Las formaciones paradójicas tienen una trayectoria propia en la escritura de Katchadjian y trazan, en Amado señor, el andamiaje hacia la abstracción. Si se cuelan historias escuetas de gitanos, brujas o artistas, o argumentos de películas o libros, es para arrebatarles la atmósfera, su efecto y sentido; como si su razón de ser fuera resaltar el contraste —el movimiento, la tensión, dice el autor— entre la ausencia de tema y el relato al borde de su extinción. Es la misma tensión que puede leerse entre improvisación e invención de una estructura ad hoc. No encuentro una manera menos opaca de decirlo: parece un texto escrito a medida que se lo lee.
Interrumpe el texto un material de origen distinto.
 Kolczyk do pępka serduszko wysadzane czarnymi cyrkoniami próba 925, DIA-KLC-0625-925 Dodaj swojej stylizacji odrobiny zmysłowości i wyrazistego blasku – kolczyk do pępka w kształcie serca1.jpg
De un tiempo a esta parte, Katchadjian parece haber trocado las operaciones conceptuales sobre textos canónicos —como el desbarajuste de un clásico fundacional (El Martín Fierro ordenado alfabéticamente) o la dieta impuesta a Borges (El Aleph engordado)— por la implosión genérica: primero fue novela de aventuras, luego la fábula con visos de leyenda épica y ahora el registro epistolar. Podría también considerarse que no se trata de campos disímiles, sino de polos en un mismo espectro y en tal caso el despojamiento y la abstracción apuntan hacia lo mismo: la búsqueda de la libertad total.
Pablo Katchadjian, Amado señor, Blatt & Ríos, 2020, 172 págs.